De l'autre côté de la frontière, nous avons retrouvé la civilité et le bienfait qu'est l'absence de surveillance généralisée. (p. 100)
Ma vie était simple, réglée, coupée du monde environnant et du monde en général. Il n'y avait pas de télévision, pas de journaux étrangers, téléphoner en Europe était hors de question, mais cela me convenait parce que, pour la première fois, au lieu de me disperser, je me consacrais à une seule tâche, choisie par moi. (p. 13)
Pendant toute la durée de mes études à Pékin, qui se sont étendues sur trois ans, j'ai pu consacrer la moitié de ces moyens à l'achat de livres. L'autre moitié représentait encore un salaire de ministre.

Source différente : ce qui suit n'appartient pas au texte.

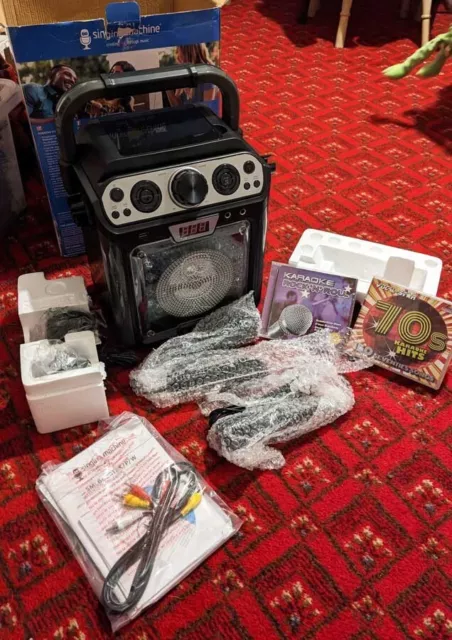 Brand New Karaoke/singing machine bluetooth & CD, LED lights, connects to TV. Brand New Karaoke/singing machine bluetooth & CD, LED lights, connects to TV.
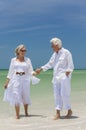 Happy Senior Couple Walking Holding Hands On Beach Royalty Free Stock Photo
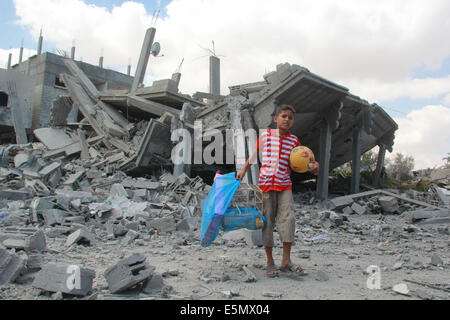 Gaza, bande de Gaza ville de Rafah. 4e août, 2014. Un garçon palestinien tient sa balle et son oiseau après qu'il les a trouvés à partir de sous les décombres de sa maison détruite, et des témoins ont déclaré que les infirmiers qui a été la cible d'une attaque aérienne israélienne, dans le sud de la bande de Gaza ville de Rafah, le 4 août 2014. Depuis le début de la guerre israélienne sur la bande de Gaza, 1 834 Palestiniens ont été tués et plus de 9 500 blessés, environ le tiers sont des civils, porte-parole du ministère de la santé Ashraf al-Qedra à Gaza a dit. Credit : Khaled Omar/Xinhua/Alamy Live News Banque D'Images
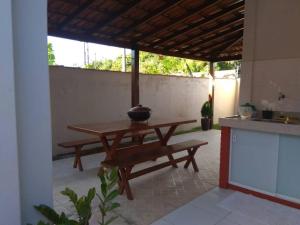 a table and bench in a kitchen with a counter at Duplex na Praia de Guriri in São Mateus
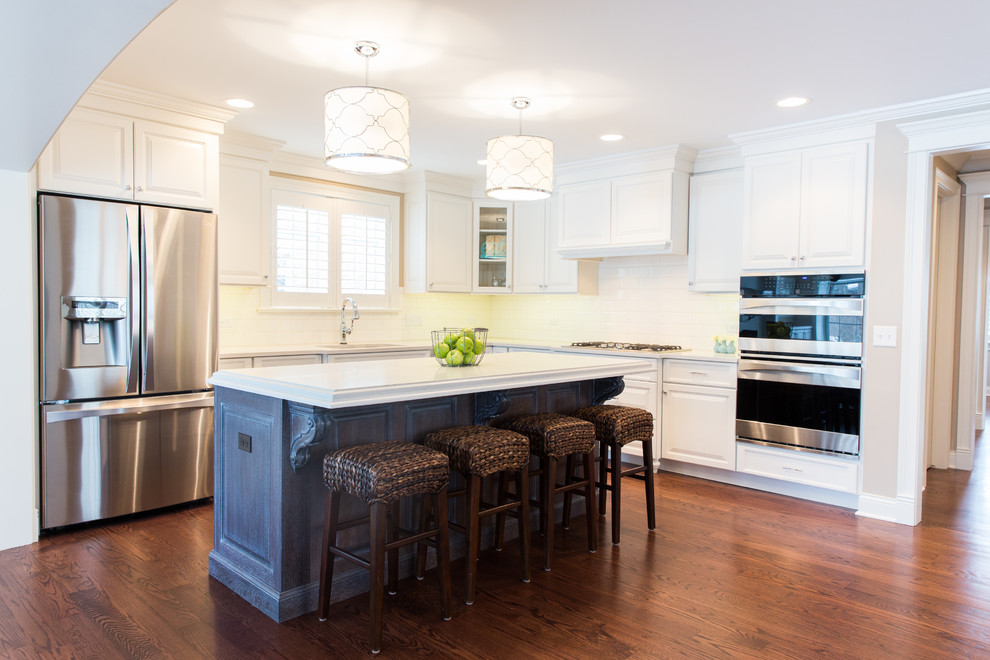 Mid-sized transitional l-shaped medium tone wood floor and brown floor eat-in kitchen photo in Chicago with an undermount sink, raised-panel cabinets, white cabinets, quartz countertops, white backsplash, subway tile backsplash, stainless steel appliances, an island and white countertops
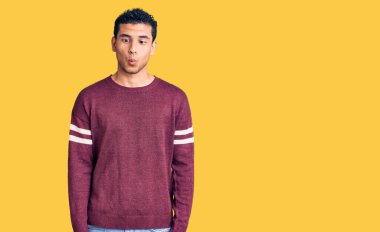 Hispanik yakışıklı genç adam gündelik kıyafetler giyip dudaklarıyla balık suratı yapıyor, çılgınca ve komik jestler yapıyor. Komik ifade. 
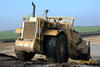 Skrejpr Caterpillar 627F zezadu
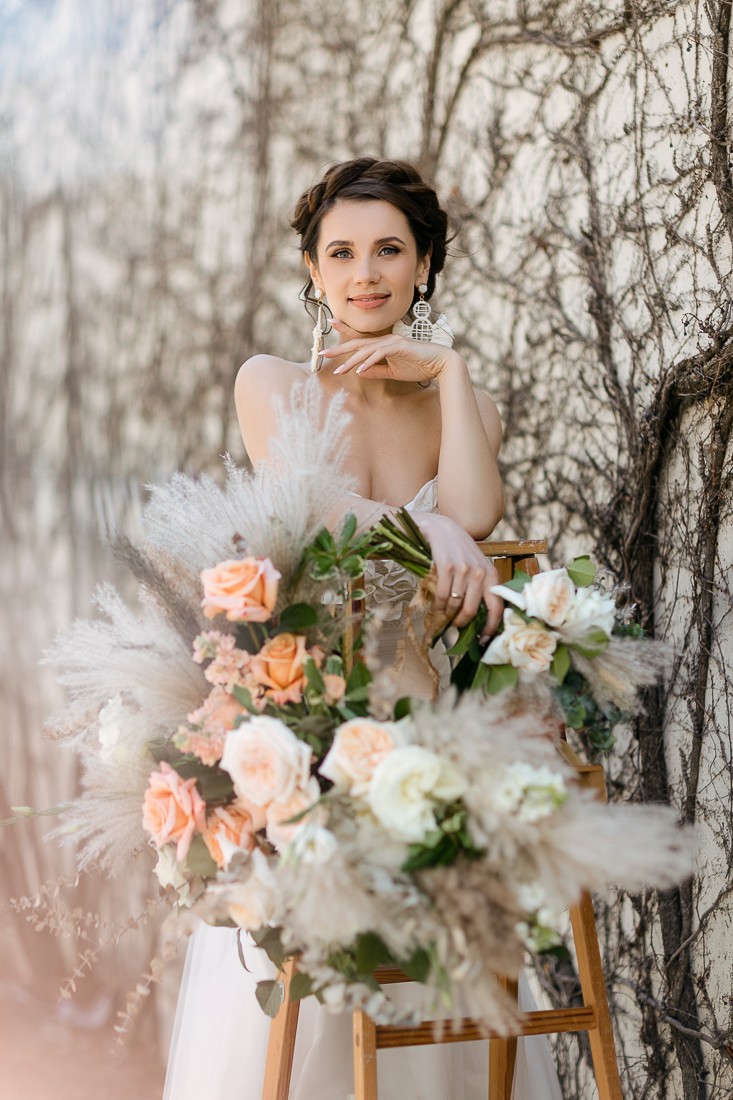 Bride in Montreal with a whimsical wedding hairstyle, posing against a textured backdrop, holding a lush bouquet with peach and cream roses, embodying a bohemian beauty trend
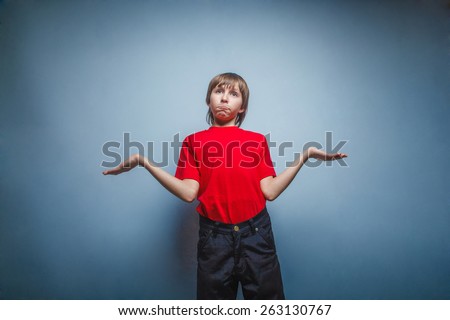 Boy, teenager, twelve years in red T-shirt , threw up his hands, the unknown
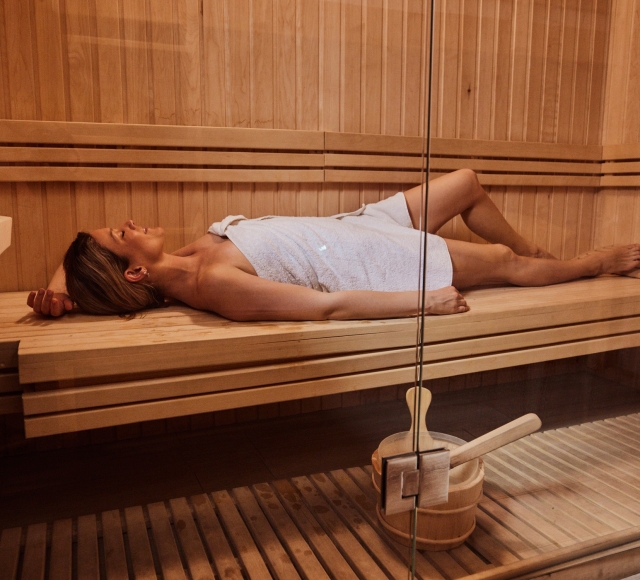 A woman lying in a towel in a sauna.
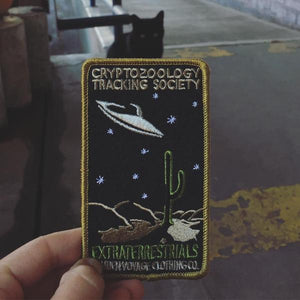 By Maiden Voyage Clothing Co. This Extraterrestrials Patch is reminiscent of the old fashioned National Park patches, but features a cryptid character in their natural habitat! Show your support for the Cyrptozoology Tracking Society! Iron-on (sewing still recommended). Measures 2.5"w x 4.25"h.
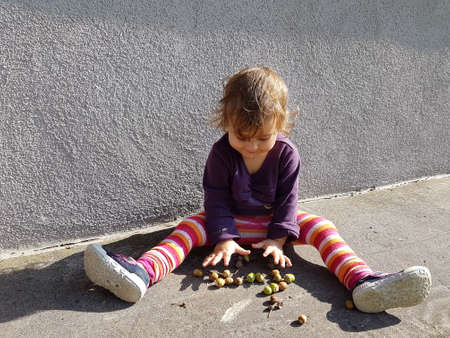 cute girl playing outdoors with wallnutsの写真素材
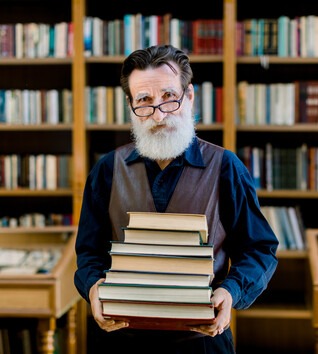 History professor with pile of books in library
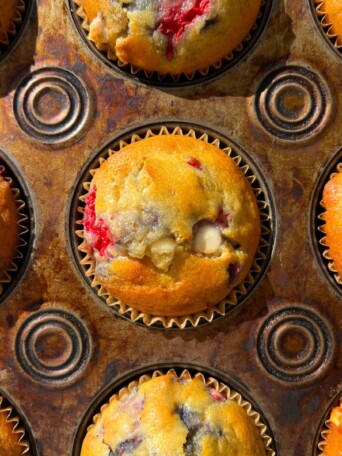 Baked Raspberry White Chocolate Muffins in a muffin tin.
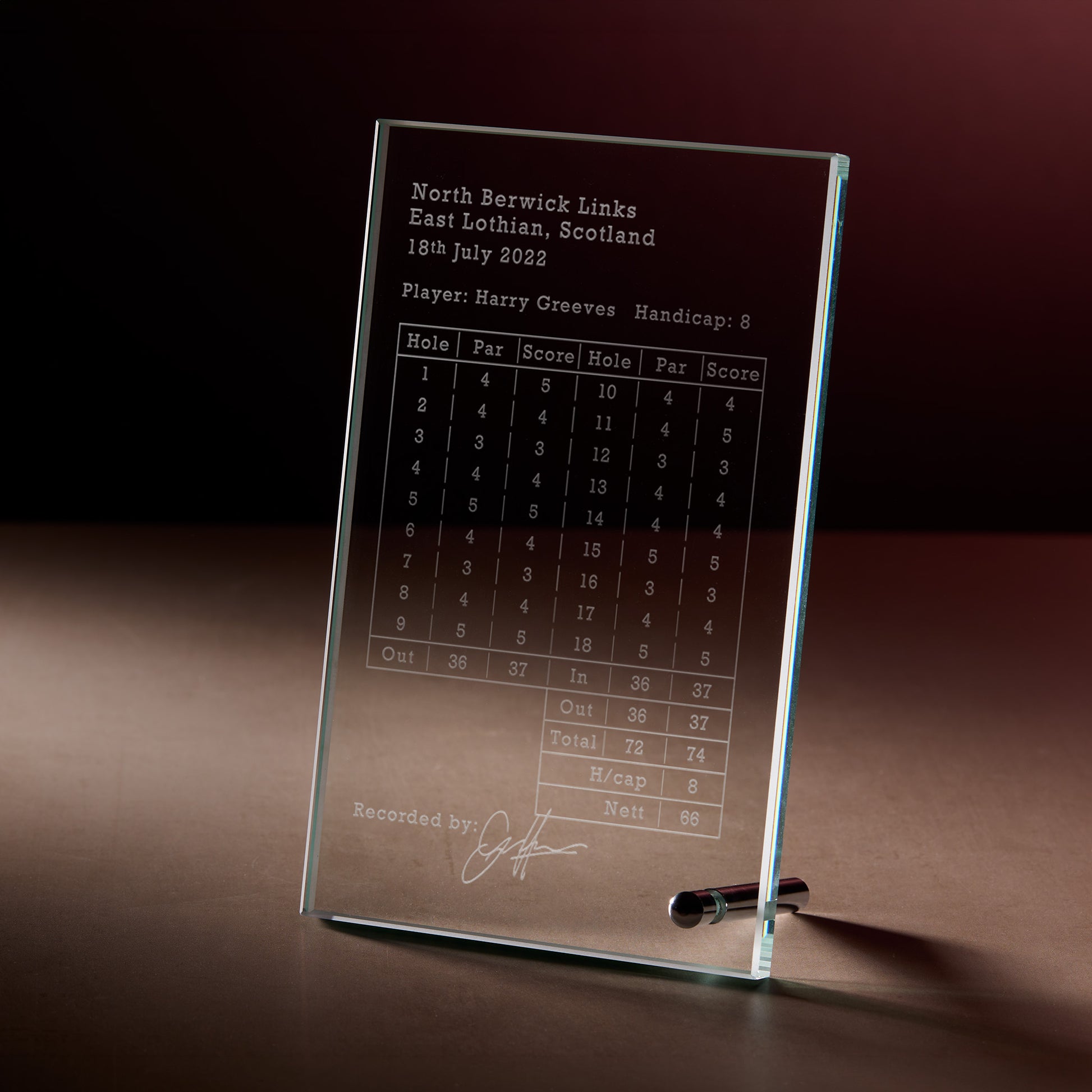A personalised clear glass golf scorecard plaque engraved with payers, name, handicap par, score and signature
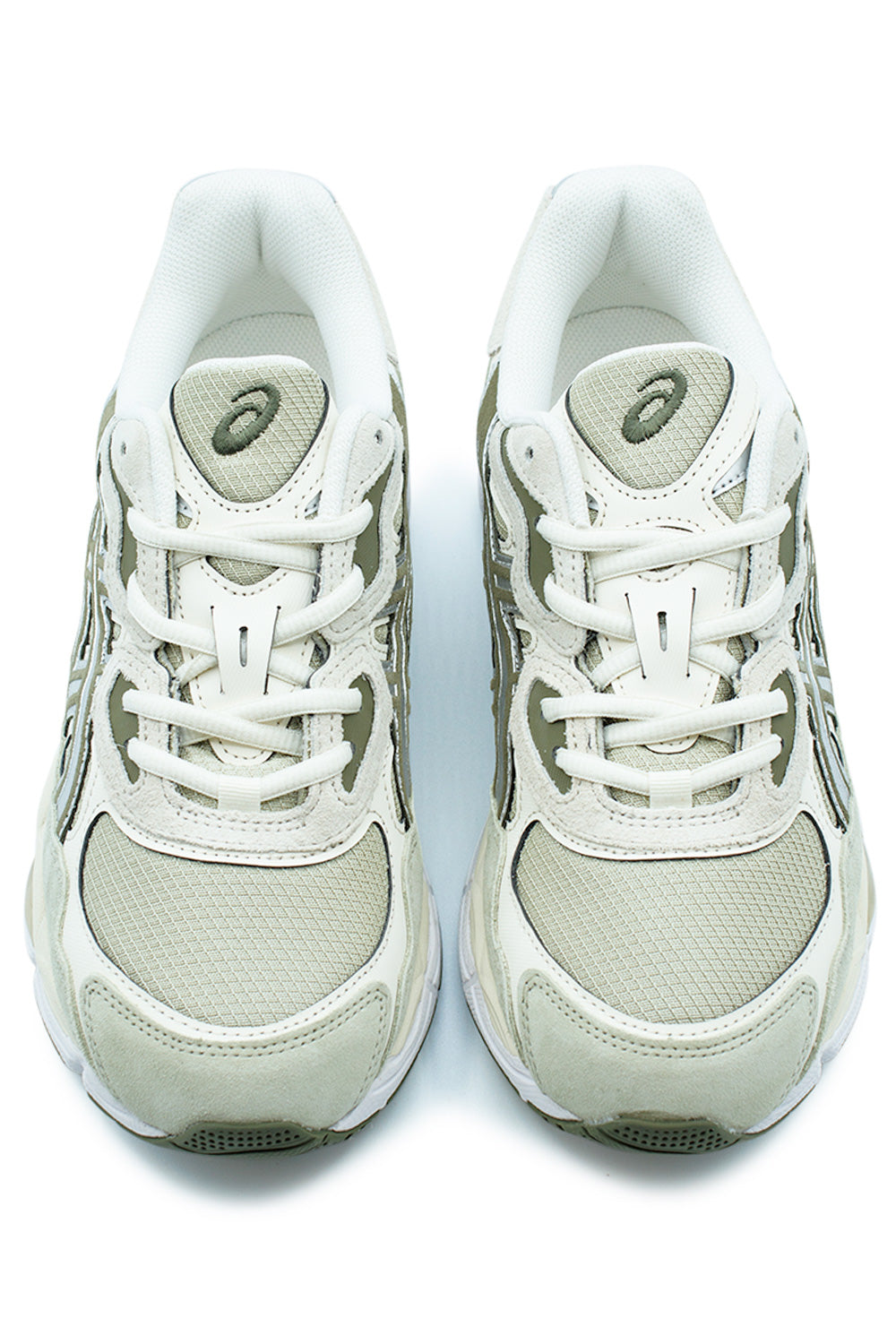 Top-down view of a pair of Asics GEL-NYC Khaki and Pure Silver sneakers, highlighting the white laces, detailed mesh toe box, and embroidered Asics tongue logo.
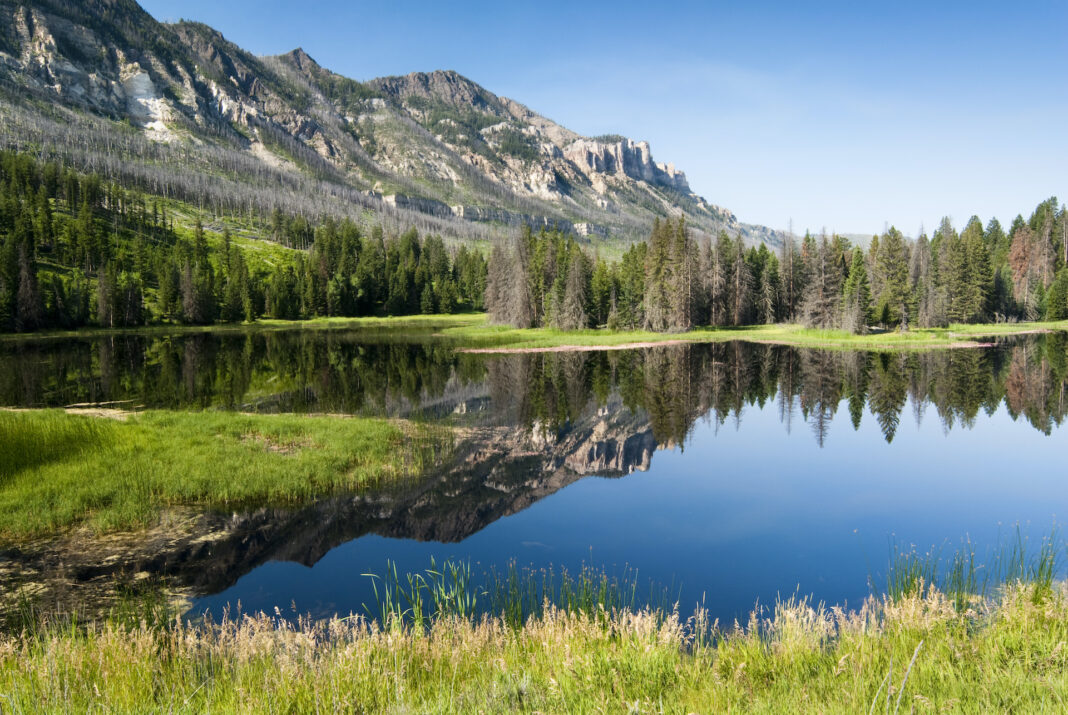 Scenic image of lake and mountains in Wyoming.
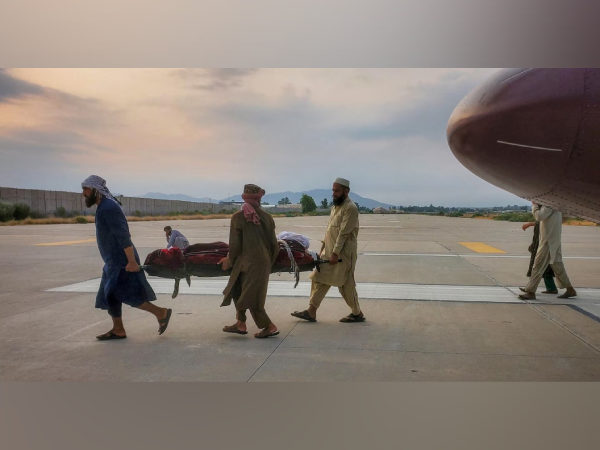 Locals assist Taliban soldiers in carrying victims after the earthquake in Afghanistan (Photo/Reuters)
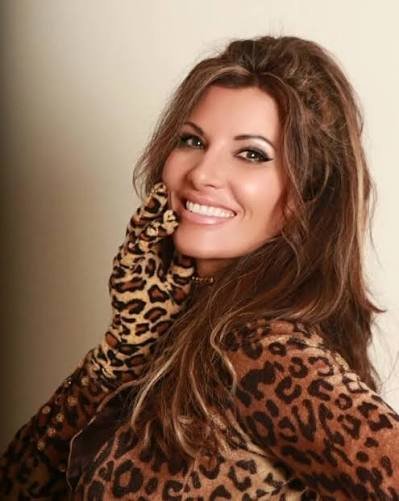 A woman with long, wavy brunette hair smiling and wearing a leopard print top and glove.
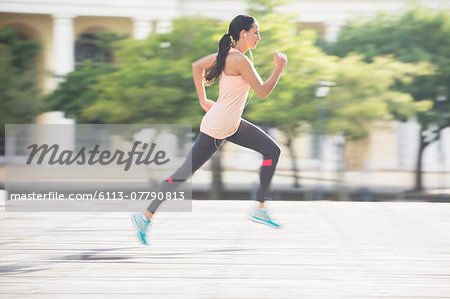 Woman running through city streets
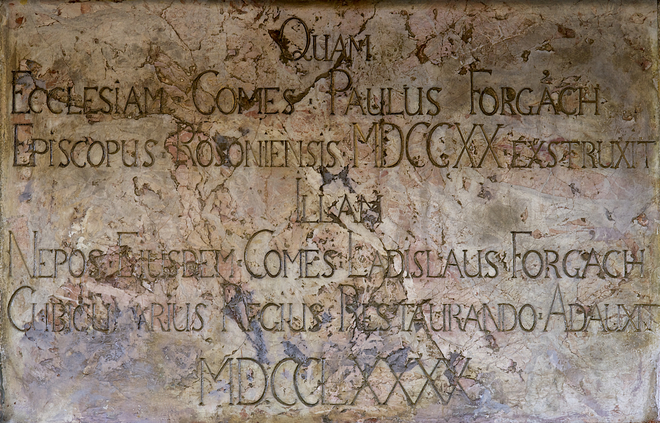 Plaque above the main entrance to the Church of the Holy Cross: ‘Quam Ecclesiam Comes Paulus Forgach Episcopus Rosoniensis MDCCXX Extruxit IIIam Nepos Eiusdem Comes Ladislaus Forgach Cubicularius Regius. Restaurando Adauxit MDCCLXXXX’ (This church was erected by Count Paulus Forgach, bishop of Roson, in 1720, renewed by his grandson Count Ladislaus Forgach, royal chamberlain in 1790)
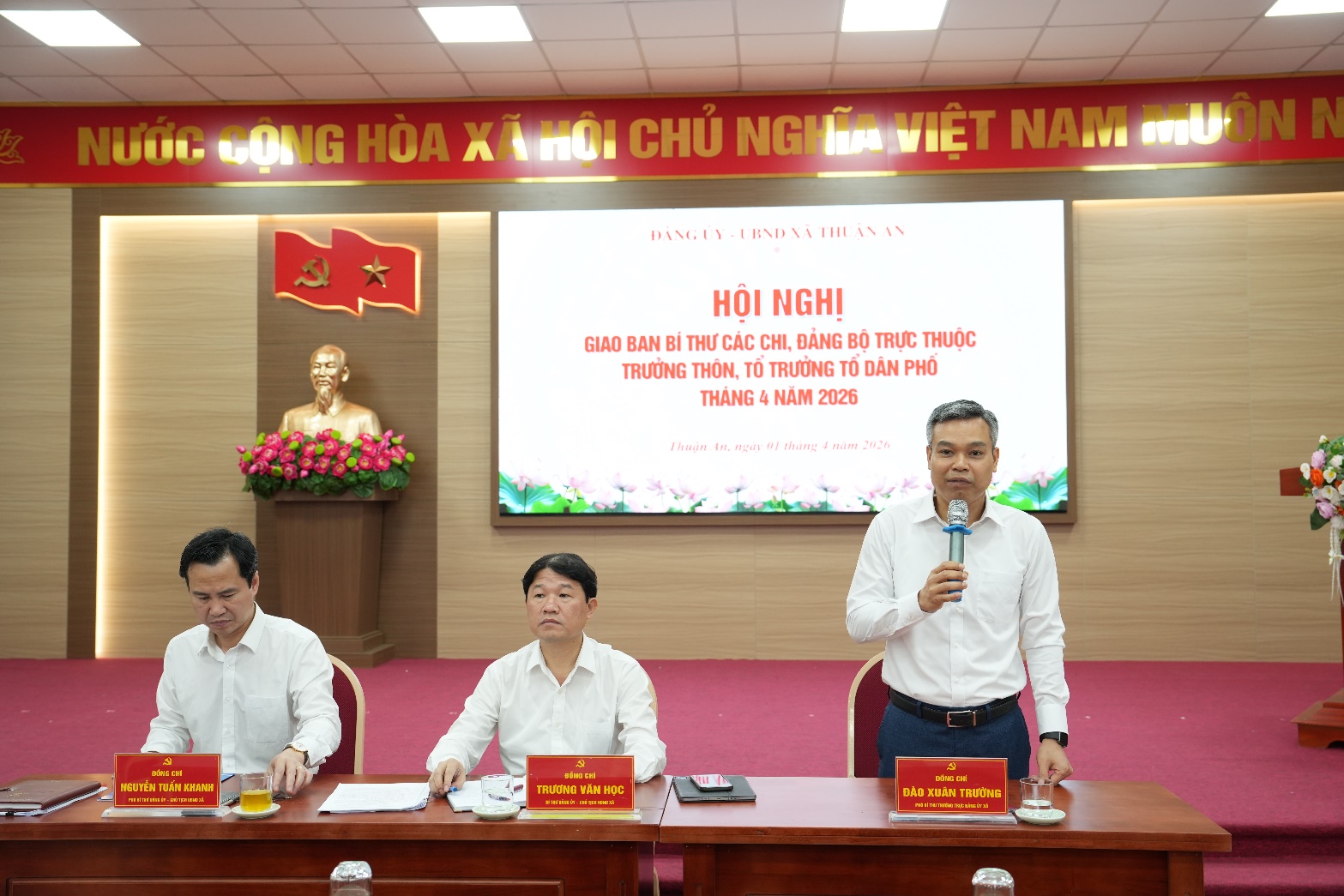 A group of men sitting at a table  AI-generated content may be incorrect.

Dans le monde d'alors, je ne pouvais pas partir plus loin. Les communistes avaient pris le pouvoir, ils avaient fermé le pays aux étrangers, personne ne savait ce qui s'y passait, ni ce qui subsistait du passé; on parlait de famine. J'enfreignais un interdit, en Suisse l'anticommunisme était virulent, et je partais vers l'inconnu. (p. 9)
Dans les mois qui ont suivi, les événements sont allés s'accélérant, dans notre vie et dans ce qui se passait autour de nous. L'existence réduite et réglée que le régime imposait à tous suivait son cours, mais une crise politique semblait se préparer, dont des éditoriaux de plus en plus enflammées et de plus en plus impénétrables étaient les signes annonciateurs. Il allait probablement en résulter une campagne semblable à toutes celles qui avaient précédé, au cours desquelles chacun devrait participer à d'interminables réunions politiques et protester de son indéfectible soutien à une "ligne" quelconque. On avait l'expérience de cet exercice qui était fatigant parce qu'il fallait faire semblant d'y croire et veiller à ne pas en être une victime, car il fallait des victimes pour servir d'exemples.